An ignition-switch problem that prompted General Motors Co. to recall almost 800,000 cars last week was identified in a 2007 report to U.S. regulators who then stopped short of ordering a defect investigation.
GM, the largest U.S. automaker, said six crash deaths may have resulted from faulty switches causing engines and air bags to turn off.
“Any crashes, deaths or injuries that occurred after 2007 shouldn’t have happened,” said Clarence Ditlow, executive director of the Center for Auto Safety, a Washington-based advocacy group. “The agency shares as much blame as GM.”
A high-speed crash in Wisconsin in 2006 killed two women after a Chevrolet Cobalt went off a road and hit a telephone utility box and trees. The National Highway Traffic Safety Administration sent researchers from Indiana University to document the crash and look at why the airbags didn’t deploy.
The team identified a ignition-switch defect similar to one described last week by GM, according to its report.

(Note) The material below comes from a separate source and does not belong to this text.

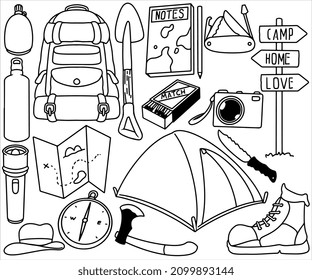 Set of doodle hand drawn camping and outdoor stuff collection isolated on white background.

The Indiana researchers said the car in the 2006 crash had its ignition switch in the auxiliary position and was equipped with advanced air bags that should have gone off.
The Indiana researchers’ report noted that a GM service bulletin sent to dealers around the same time as the October 2006 crash described a situation in which drivers can “inadvertently turn off the ignition due to low ignition-key cylinder torque.”
The investigators also noted six complaints in NHTSA databases relating to engines shutting off and loss of power in Chevrolet Cobalt and Pontiac G5 sedans when the ignition-switch or key chain was contacted by the driver.
“It is not known what role, if any, this may have played in the non-deployment of the air bags,” the investigators said in the 2007 report. “Such an understanding was beyond the scope of this investigation.”
Determining whether that played a role in air bags not deploying would require “an analysis of the air-bag system and ignition wiring schematic,” they said.
NHTSA followed up on the report by asking GM for details about the Wisconsin fatalities to supplement more general data the agency already had, said Ditlow at the Center for Auto Safety.
The agency didn’t initiate a defect investigation, which can lead to a recall, because the Indiana team didn’t conclude there was an identifiable safety flaw, a NHTSA spokesman, Nathan Naylor, said Thursday.
“The special-crash investigation report did not determine the cause for the airbag non-deployment or that the failure to deploy was the result of a vehicle design defect or noncompliance with federal motor vehicle regulations,” Naylor said.
GM said Feb. 13 that it was recalling Cobalt and G5 sedans from the 2005 to 2007 model years in North America.
Key rings that are too heavy or a “jarring event” can cause the ignition switches to come out of the run position, GM said last week. The engine may then shut off and result in a misfire of a crash-sensing algorithm.
That chain of events may prevent the air bags from deploying in a crash, GM said. It advised customers to remove non-essential items from their key rings.
“Safety of our consumers is paramount,” a GM spokesman, Alan Adler, said in an e-mailed statement today. “If we identify a product problem, we will do our best to take care of our customers based on the best available information that we have at the time.”
Five other models were identified in GM’s 2006 technical service bulletin: the Chevrolet HHR, the Pontiac Solstice and Pursuit (sold only in Canada), and the Saturn Ion and Sky.
GM is recalling only the Cobalt and G5 models based on its “present understanding” of their “ignition switch torque capabilities,” Adler said.
“We deeply regret any anguish this issue may have caused our customers and we will work hard to address their concerns and repair their vehicles,” he said.
Customers who own those models should have their cars serviced promptly once they get their recall notices, Naylor said. NHTSA is reviewing the recall documents and will monitor customer outreach and will take appropriate action if warranted.